== Segment start ==

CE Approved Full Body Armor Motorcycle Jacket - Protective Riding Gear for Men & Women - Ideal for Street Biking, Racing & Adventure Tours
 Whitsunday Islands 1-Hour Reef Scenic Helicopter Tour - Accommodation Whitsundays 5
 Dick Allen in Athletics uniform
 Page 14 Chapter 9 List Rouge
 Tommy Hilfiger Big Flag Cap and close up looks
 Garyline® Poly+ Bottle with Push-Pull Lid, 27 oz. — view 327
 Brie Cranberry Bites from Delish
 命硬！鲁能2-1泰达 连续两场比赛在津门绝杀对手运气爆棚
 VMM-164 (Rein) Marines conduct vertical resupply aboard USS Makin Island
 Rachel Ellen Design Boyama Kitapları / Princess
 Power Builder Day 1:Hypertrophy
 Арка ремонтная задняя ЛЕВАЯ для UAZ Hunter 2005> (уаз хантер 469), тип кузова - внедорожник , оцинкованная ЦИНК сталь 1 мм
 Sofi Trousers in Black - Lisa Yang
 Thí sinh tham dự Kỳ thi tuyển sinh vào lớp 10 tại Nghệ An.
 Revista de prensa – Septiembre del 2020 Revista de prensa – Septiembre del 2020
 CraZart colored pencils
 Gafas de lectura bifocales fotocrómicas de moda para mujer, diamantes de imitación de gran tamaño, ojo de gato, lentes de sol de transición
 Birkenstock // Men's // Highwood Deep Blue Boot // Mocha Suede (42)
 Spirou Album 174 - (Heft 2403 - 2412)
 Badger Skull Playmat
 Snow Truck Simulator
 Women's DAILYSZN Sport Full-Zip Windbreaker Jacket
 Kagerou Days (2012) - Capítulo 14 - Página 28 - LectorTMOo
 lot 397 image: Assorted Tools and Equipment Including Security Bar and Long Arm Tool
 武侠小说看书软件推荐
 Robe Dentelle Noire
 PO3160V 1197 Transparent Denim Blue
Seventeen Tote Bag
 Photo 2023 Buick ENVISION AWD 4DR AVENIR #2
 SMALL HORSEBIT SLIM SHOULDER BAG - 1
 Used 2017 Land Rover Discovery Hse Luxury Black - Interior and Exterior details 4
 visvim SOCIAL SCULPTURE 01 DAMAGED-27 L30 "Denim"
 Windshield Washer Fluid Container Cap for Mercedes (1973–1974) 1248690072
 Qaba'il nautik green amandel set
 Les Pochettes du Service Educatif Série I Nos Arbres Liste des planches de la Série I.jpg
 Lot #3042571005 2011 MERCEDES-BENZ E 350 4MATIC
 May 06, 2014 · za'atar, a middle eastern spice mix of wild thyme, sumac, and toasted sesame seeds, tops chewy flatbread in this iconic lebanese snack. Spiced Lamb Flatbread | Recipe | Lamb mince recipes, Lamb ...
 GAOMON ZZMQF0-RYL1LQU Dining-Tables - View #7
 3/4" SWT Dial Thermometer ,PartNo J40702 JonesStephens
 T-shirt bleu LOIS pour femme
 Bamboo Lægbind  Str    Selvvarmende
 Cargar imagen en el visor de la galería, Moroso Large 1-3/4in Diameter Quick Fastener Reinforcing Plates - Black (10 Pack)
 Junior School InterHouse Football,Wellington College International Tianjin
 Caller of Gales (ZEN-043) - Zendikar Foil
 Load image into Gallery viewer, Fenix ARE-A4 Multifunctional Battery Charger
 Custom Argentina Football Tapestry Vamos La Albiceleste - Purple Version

== Segment end ==

**REQUIRED WORK**
Write out only the lines from the one containing "Load image into" through the end of the listing above, exactly as they stand.

**COMPLETED EXERCISE**
 Load image into Gallery viewer, Fenix ARE-A4 Multifunctional Battery Charger
 Custom Argentina Football Tapestry Vamos La Albiceleste - Purple Version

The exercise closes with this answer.